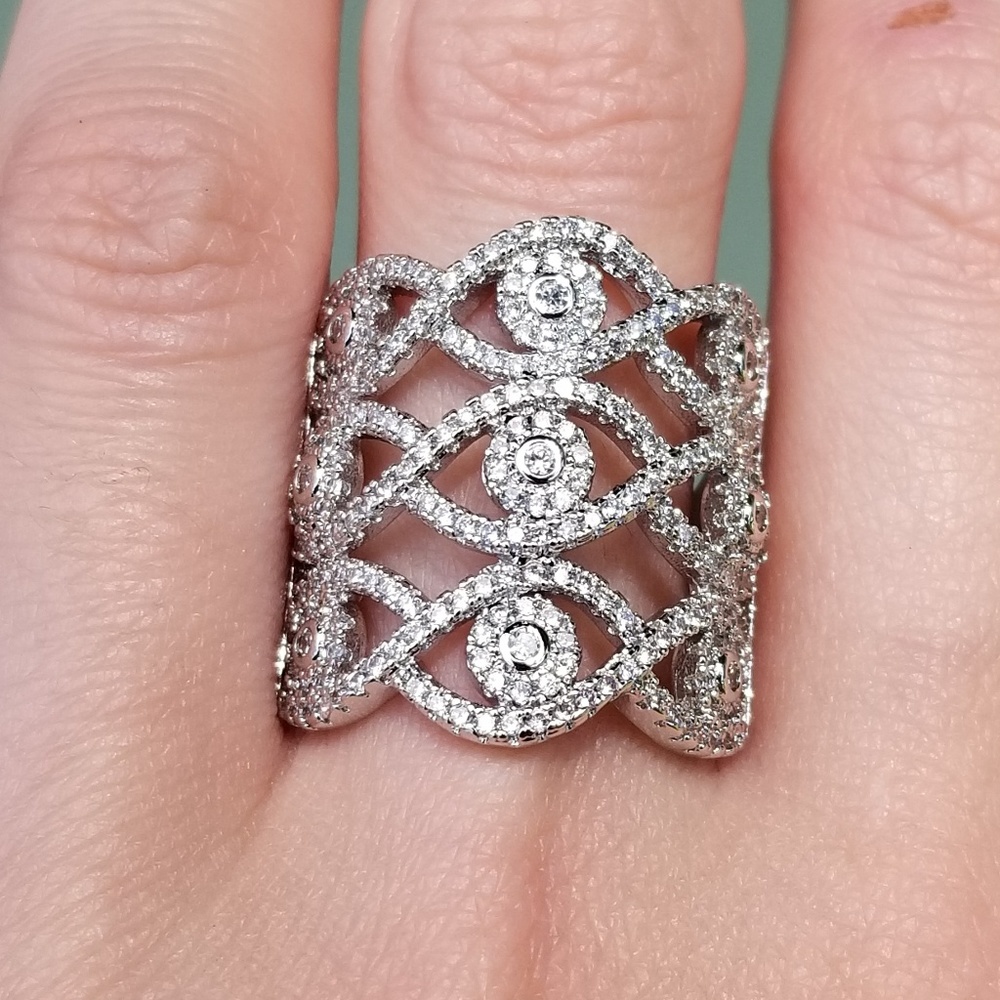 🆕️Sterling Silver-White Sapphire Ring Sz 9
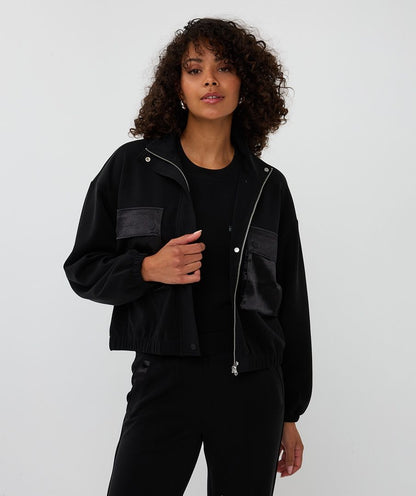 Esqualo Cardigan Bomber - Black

--

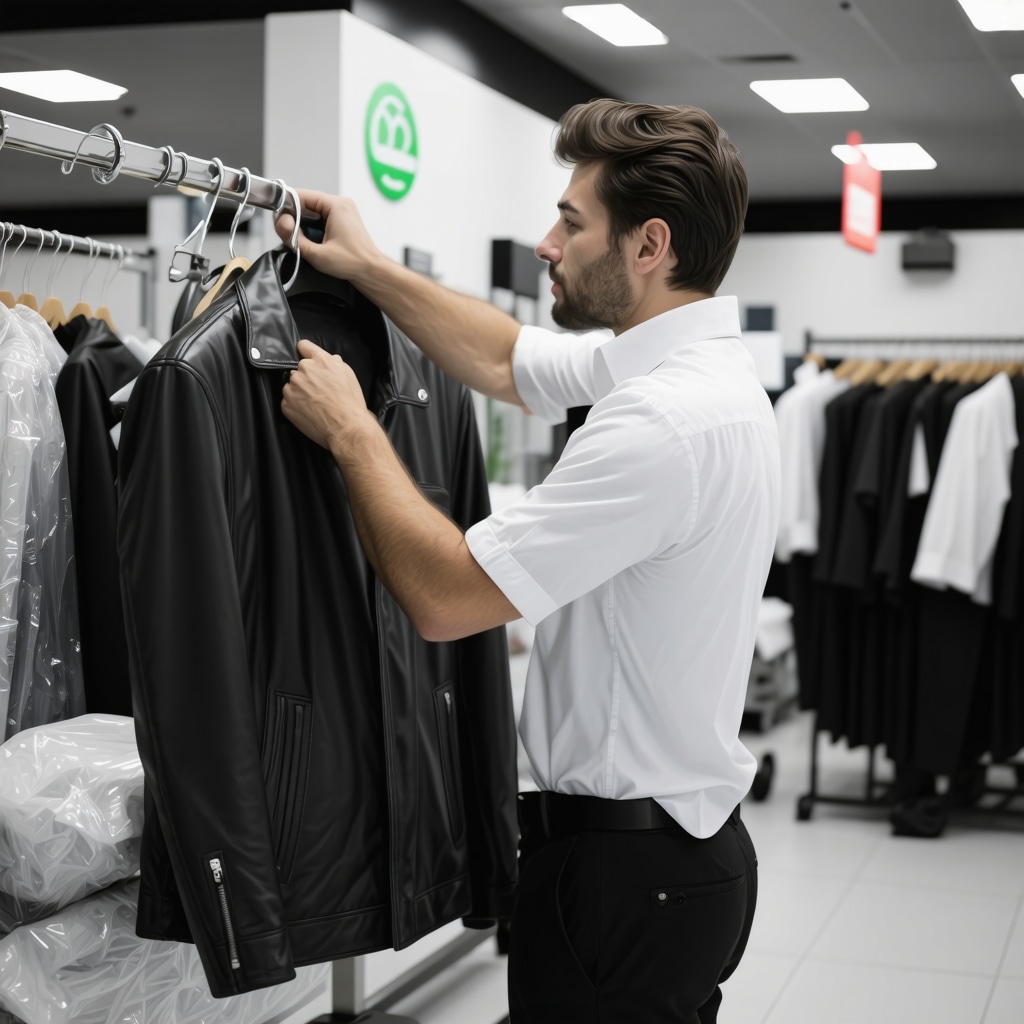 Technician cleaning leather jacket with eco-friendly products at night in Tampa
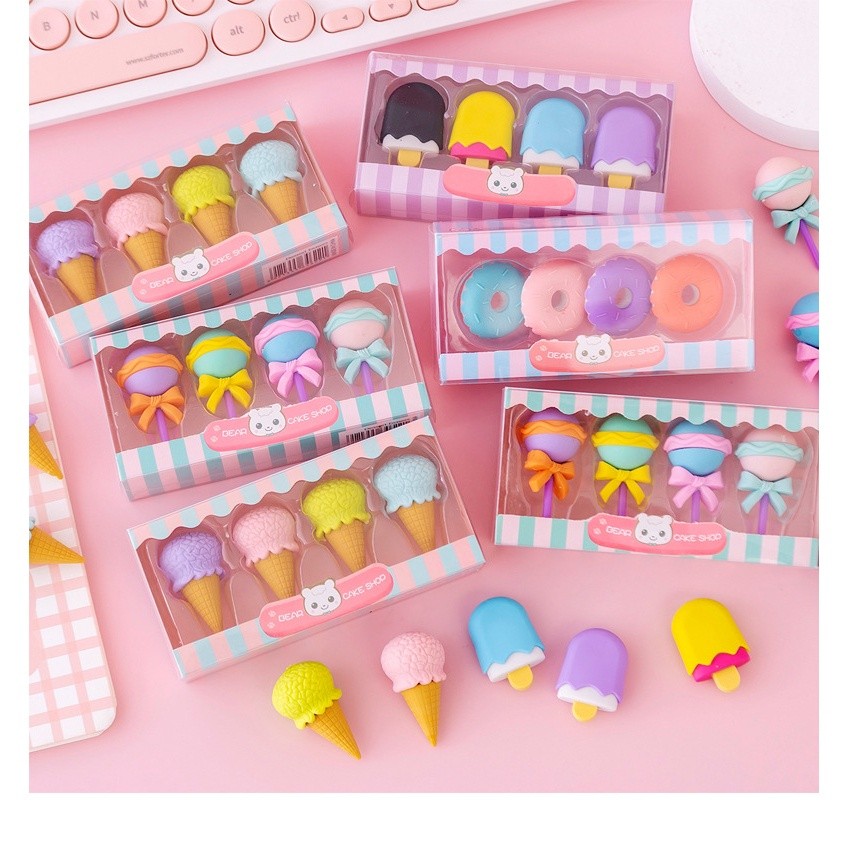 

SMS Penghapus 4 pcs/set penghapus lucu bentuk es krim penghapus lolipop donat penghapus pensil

* * *

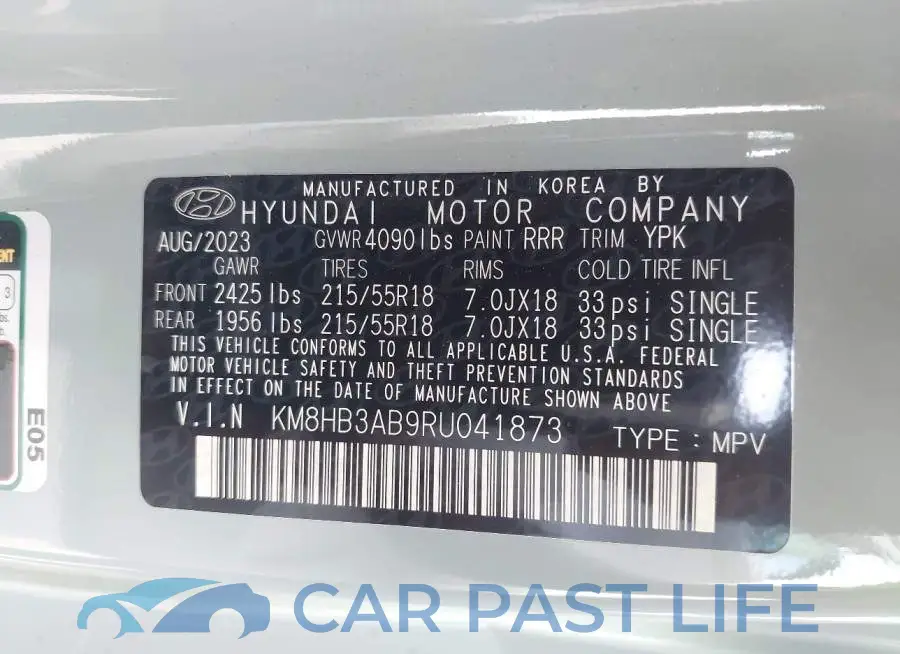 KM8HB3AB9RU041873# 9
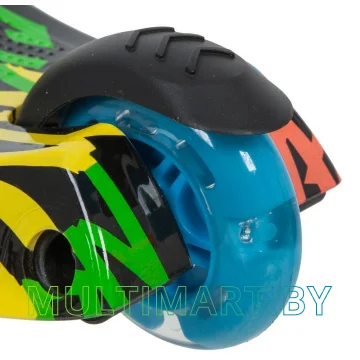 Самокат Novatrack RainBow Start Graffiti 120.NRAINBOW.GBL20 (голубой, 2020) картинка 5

What needs to be done
Reproduce exactly the lines above starting at the line containing "Sapphire Ring Sz 9" and ending at the line containing "Esqualo Cardigan Bomber - Black", including both, but not the pictures.

Output of the exercise
 🆕️Sterling Silver-White Sapphire Ring Sz 9
 Esqualo Cardigan Bomber - Black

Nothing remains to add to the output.